● Required action: Wherever the string "Flip" appears in the entries below, return the line that holds it.

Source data
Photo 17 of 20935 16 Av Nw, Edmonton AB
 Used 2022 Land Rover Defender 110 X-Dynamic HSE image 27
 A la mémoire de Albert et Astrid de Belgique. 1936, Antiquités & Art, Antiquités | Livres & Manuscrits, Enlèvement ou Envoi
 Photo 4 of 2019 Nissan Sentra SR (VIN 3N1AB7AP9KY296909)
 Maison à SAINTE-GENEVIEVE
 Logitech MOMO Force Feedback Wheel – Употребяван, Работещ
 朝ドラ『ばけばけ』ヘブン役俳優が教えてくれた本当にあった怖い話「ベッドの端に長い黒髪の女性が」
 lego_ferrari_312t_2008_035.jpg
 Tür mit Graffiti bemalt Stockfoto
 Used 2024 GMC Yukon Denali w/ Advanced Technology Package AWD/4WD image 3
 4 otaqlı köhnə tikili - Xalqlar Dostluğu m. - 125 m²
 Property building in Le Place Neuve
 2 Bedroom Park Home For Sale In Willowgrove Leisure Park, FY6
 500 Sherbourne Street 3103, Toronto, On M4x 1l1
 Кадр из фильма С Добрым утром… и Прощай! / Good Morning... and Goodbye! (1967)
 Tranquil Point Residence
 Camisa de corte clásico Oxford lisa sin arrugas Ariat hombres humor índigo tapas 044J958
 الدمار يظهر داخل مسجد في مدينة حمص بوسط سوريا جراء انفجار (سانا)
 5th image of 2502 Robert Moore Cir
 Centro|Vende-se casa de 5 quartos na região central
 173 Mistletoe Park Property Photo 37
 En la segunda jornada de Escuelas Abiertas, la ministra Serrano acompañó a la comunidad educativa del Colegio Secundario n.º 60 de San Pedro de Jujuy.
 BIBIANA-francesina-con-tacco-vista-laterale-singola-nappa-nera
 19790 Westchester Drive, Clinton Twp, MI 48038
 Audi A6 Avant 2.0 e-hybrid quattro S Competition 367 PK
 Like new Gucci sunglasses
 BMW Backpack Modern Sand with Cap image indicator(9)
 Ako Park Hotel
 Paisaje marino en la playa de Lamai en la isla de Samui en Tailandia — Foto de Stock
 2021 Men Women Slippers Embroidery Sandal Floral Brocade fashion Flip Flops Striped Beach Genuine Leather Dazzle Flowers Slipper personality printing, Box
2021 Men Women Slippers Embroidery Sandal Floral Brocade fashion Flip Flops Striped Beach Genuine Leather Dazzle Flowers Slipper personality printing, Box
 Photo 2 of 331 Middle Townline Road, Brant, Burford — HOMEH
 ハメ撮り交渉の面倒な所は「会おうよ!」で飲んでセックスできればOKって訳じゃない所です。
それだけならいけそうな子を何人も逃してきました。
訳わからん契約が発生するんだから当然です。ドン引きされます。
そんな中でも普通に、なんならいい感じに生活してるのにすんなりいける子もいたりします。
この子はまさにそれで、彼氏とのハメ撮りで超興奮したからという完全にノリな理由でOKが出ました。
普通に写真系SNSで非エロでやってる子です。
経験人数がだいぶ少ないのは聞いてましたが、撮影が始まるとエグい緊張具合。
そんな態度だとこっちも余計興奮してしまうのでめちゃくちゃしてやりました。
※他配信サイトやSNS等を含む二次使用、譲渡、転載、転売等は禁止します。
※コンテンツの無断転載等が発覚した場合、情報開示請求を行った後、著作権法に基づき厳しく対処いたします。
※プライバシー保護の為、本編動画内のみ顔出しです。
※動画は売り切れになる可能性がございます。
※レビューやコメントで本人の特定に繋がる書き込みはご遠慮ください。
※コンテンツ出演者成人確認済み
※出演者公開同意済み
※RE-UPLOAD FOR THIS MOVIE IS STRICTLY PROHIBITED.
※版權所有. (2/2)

● Task solution:
 2021 Men Women Slippers Embroidery Sandal Floral Brocade fashion Flip Flops Striped Beach Genuine Leather Dazzle Flowers Slipper personality printing, Box
2021 Men Women Slippers Embroidery Sandal Floral Brocade fashion Flip Flops Striped Beach Genuine Leather Dazzle Flowers Slipper personality printing, Box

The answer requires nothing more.